Finalement publiée par la Maison Blanche, une transcription de l'appel démontre que M. Trump a bien demandé à M. Zelensky d'enquêter sur Joe Biden.

Digne d'un "chef mafieux": les démocrates dénoncent la pression évidente, selon eux, exercée sur le dirigeant ukrainien.

"Une destitution pour ça? C'est une blague!", réagit le président. 

- 26 septembre: le signalement révélé -

La lettre du lanceur d'alerte est publiée.
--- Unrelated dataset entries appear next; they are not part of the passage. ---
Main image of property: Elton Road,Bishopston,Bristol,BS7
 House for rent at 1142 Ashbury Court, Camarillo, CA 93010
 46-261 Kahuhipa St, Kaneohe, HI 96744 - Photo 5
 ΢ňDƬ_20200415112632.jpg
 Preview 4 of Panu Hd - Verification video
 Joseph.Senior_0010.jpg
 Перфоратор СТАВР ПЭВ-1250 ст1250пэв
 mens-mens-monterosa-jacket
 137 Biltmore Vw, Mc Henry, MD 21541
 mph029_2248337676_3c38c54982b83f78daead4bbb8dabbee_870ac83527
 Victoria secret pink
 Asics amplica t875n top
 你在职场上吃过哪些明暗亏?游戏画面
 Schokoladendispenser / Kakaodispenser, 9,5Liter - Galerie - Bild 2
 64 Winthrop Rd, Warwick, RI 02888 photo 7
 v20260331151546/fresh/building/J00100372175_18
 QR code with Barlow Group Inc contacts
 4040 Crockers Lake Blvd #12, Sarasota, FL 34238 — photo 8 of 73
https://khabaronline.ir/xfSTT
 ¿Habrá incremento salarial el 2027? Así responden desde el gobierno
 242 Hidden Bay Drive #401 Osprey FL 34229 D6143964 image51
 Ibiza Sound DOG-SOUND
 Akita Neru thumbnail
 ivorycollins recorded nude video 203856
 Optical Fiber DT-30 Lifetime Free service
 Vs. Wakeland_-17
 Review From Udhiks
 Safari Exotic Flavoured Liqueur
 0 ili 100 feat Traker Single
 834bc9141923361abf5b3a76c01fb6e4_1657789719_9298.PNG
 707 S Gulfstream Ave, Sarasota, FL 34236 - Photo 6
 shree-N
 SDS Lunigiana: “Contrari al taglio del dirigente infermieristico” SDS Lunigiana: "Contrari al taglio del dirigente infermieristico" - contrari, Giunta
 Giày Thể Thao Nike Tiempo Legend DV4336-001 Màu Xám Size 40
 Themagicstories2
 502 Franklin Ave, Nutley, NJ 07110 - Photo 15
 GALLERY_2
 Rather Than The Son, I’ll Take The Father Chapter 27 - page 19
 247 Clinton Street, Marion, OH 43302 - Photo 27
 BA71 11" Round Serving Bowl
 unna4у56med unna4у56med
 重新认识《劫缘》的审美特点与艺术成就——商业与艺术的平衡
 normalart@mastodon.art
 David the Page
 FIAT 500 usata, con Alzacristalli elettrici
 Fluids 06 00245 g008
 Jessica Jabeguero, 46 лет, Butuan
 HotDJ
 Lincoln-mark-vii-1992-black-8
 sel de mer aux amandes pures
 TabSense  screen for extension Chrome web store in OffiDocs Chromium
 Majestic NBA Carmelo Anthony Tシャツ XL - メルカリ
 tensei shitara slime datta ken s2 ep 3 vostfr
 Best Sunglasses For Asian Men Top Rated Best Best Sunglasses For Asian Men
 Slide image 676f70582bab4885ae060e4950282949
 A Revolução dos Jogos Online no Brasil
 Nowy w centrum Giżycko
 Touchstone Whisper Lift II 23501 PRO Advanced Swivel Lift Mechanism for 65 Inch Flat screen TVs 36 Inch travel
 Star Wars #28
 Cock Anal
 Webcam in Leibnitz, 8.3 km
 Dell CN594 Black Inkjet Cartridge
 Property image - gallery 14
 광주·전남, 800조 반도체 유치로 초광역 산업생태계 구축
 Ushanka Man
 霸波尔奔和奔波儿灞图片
Il y accuse le président américain d'avoir "sollicité l'ingérence" de l'Ukraine dans la campagne pour sa réélection en 2020.

S'appuyant sur le signalement, l'opposition accuse la Maison Blanche d'avoir cherché à "étouffer le scandale".

- 27 septembre: Pompeo visé par les démocrates -

Les parlementaires démocrates envoient une injonction formelle au secrétaire d'Etat Mike Pompeo, qui a écouté l'appel Trump/Zelensky en juillet, pour lui demander de leur livrer des documents nécessaires à leur enquête.

Kurt Volker, l'envoyé spécial des Etats-Unis pour l'Ukraine, démissionne.

- 1er octobre: Trump et Pompeo répliquent -

Mike Pompeo réagit et accuse les démocrates du Congrès de "tentative d'intimidation et de harcèlement", dénonçant de "profondes faiblesses procédurales et légales" dans les injonctions. 

La veille, le président Trump a estimé qu'Adam Schiff, l'élu qui supervise l'enquête pour destitution, devrait être arrêté pour "trahison". Le lendemain, il dénonce des "conneries".

- 3 octobre: SMS compromettants -

Par provocation, Donald Trump suggère ouvertement à la Chine d'enquêter sur Joe Biden pendant que Kurt Volker est entendu à huis clos au Congrès.

Les démocrates rendent publics des SMS datant de juillet et montrant que la diplomatie américaine a demandé au président ukrainien d'enquêter sur Joe Biden et son fils en échange d'une rencontre avec Donald Trump à la Maison Blanche.